Franz Johann von Reischach

Franz Josef Johann Nepomuk Fidel Freiherr von Reischach (Waldshut, 13 mei 1730 - Hietzing, 12 september 1807) was een generaal-majoor en keizerlijk gezant in het aartshertogdom Oostenrijk.

Dankzij de goede familiale contacten met het keizerlijk hof te Wenen was Reischach voorbestemd voor een loopbaan binnen de Duitse Orde. Hij behaalde met name in 1771 de hoogste graad van generaal-majoor in het keizerlijk leger. Vanaf zijn ridderwijding in 1753 werd hij commandeur van een aantal nederzettingen van de Duitse Orde in de provincie Biesen. In 1782 volgde hij zijn vader op als keizerlijk gezant in Den Haag. Vanwege zijn zwakke gezondheid had hij zijn militaire loopbaan moeten beëindigen.

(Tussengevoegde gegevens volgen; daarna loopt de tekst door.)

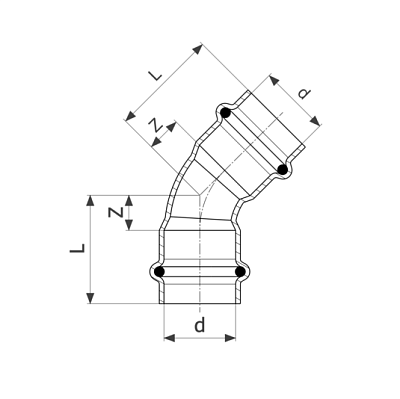 Отвод 45 медный Viega Profipress с SC-Contur d=15 (арт. 292 508)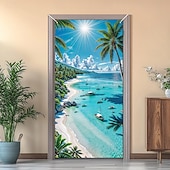 cheap Garage &amp; Door Banners-Scenic Coastal Sea View Sailboat Yacht on Turquoise Water with Rocky Cliff and White Flowers Beach Door Banner Cover Wall Tapestry for Home Interior Wall Decoration Front Door Entryway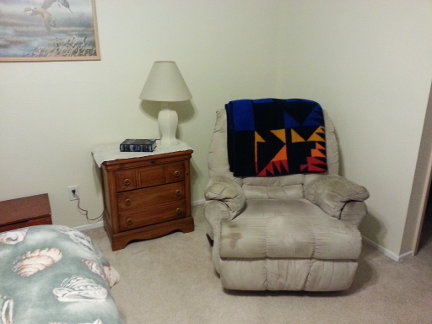 The sitting area in the master bedroom.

Reischach werd in 1784 landcommandeur van Alden Biesen, de hoofdzetel van de balije Biesen. Reischach probeerde zijn nieuwe functie te combineren met zijn gezantschap in Den Haag, maar door zijn zwakke gezondheid werd hij uit de functie van gezant ontslagen. Hij richtte zich in Alden Biesen vooral op de aanleg van een nieuwe tuin: in 1786-1787 liet hij de Engelse Tuin aanleggen door Ghislain-Joseph Henry. Met de financiële en administratieve problemen die hij geërfd had van zijn voorganger, hield hij zich nauwelijks bezig. Toen in juni 1794 de Franse legers naderden, vluchtte Reischach naar zijn broer Sigismund in Augsburg. Reischach was ziek en bijna geheel blind, en ging eerst naar een kuuroord in Karlsbad. Daarna reisde hij verder naar zijn broer Simon Thaddeüs Adam, die een ministerspost bekleedde in het keizerrijk. Reischach vestigde zich in Wenen en overleed in 1807 in Hietzing.